You stood forgiven for all that you did
The wrongs you did when I was just a kid
You could stand before God knowing all was forgiven
Not worrying if you would once again turn to sin

But today as I go visit that plot of land
I can rest assured you are in God’s hand
So even though there are tears in my eyes
As I quietly try to hide my cries

I know that one day I will see you again
When I meet my Savior and hear the angel band.
I just didn’t know, didn't have a clue
That today I would still be missing you.

Tuesday, March 4, 2008

The Light

I have been reading a book by Christine Caine called Stop Acting Like a Christian and Just Be One. In one of the Chapters "Into All the World" she tells about her young daughter's fascination with flashlights. The little one would take the flashlight all around the house all day long while it was daylight running down the batteries. She draws a correlation to the church body and how we are to be the light of the world.

As I thought about her message, I saw a different picture. Just as her daughter liked to shine the light where things were already lit – we Christians spend so much of our time wasting our energy (The battery) where there is already light. We confine our ministry to the church instead of taking it out into the darkness of the world around us.

Don't get me wrong, there are needs within the church body that allow our light to be shown, and most of the time we spend all our time and all our energy shining the light around our church body.
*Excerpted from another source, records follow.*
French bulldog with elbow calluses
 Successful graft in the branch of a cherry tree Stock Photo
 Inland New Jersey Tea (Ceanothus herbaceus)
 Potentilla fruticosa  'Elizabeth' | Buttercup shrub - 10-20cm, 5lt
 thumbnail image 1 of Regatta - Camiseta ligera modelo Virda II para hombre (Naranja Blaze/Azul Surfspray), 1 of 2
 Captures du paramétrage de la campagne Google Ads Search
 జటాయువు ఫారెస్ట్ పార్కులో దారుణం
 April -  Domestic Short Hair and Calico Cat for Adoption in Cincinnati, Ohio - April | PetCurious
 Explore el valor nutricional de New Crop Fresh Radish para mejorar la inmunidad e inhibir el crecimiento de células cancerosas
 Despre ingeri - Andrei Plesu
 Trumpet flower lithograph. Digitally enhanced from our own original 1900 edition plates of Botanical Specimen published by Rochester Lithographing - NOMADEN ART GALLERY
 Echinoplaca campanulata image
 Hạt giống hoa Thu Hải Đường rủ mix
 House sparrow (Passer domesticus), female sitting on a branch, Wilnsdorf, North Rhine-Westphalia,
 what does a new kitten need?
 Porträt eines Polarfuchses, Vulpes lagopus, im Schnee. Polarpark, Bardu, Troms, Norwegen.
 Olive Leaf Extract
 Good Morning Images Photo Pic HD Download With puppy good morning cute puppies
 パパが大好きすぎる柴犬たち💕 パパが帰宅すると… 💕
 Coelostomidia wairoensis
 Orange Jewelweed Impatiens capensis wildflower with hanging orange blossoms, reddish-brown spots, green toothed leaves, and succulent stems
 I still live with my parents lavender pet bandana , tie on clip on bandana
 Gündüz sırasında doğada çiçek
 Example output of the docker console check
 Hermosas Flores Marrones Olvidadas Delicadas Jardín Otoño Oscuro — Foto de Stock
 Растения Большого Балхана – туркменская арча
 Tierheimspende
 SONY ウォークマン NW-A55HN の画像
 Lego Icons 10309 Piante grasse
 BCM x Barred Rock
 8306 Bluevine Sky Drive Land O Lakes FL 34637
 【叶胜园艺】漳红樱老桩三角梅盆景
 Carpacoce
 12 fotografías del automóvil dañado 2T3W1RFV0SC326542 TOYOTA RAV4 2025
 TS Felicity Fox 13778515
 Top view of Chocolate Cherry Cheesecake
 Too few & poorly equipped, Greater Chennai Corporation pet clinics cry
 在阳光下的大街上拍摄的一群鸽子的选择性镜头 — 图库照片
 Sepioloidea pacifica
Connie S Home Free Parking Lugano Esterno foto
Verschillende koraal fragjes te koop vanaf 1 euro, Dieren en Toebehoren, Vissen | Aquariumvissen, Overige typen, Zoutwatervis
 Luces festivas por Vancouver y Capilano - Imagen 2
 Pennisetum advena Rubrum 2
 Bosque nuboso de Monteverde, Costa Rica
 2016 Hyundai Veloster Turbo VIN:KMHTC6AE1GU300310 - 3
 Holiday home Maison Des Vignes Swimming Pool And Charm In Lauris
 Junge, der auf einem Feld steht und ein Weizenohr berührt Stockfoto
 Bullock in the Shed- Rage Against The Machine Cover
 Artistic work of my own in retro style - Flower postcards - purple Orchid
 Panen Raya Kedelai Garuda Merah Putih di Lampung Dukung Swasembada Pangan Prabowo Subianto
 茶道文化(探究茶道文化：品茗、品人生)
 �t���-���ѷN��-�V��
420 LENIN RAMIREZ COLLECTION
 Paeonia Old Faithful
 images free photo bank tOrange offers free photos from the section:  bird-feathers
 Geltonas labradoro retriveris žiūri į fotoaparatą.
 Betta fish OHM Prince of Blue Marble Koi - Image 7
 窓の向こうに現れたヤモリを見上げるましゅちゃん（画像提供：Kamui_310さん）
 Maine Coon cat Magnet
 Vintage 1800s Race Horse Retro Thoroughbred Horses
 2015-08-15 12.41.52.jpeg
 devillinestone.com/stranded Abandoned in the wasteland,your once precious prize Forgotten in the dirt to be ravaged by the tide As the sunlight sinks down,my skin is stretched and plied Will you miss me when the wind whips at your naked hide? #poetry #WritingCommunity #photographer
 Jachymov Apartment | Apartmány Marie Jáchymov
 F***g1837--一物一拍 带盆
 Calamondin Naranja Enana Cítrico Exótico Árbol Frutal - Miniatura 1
We are thinking that our light is so bright, but when it comes to the world around us we don't have the energy to minister.

We should just open the door and shine it outside and truly illuminate the world around us. We need to bring in the world around us, into the light and out of the darkness.

I want to be a light in the darkness. I want my light to shine at church. I want my light to shine within my family. I want my light to shine in world around me. I want to draw others into the light. Not to glorify myself, but to glorify God.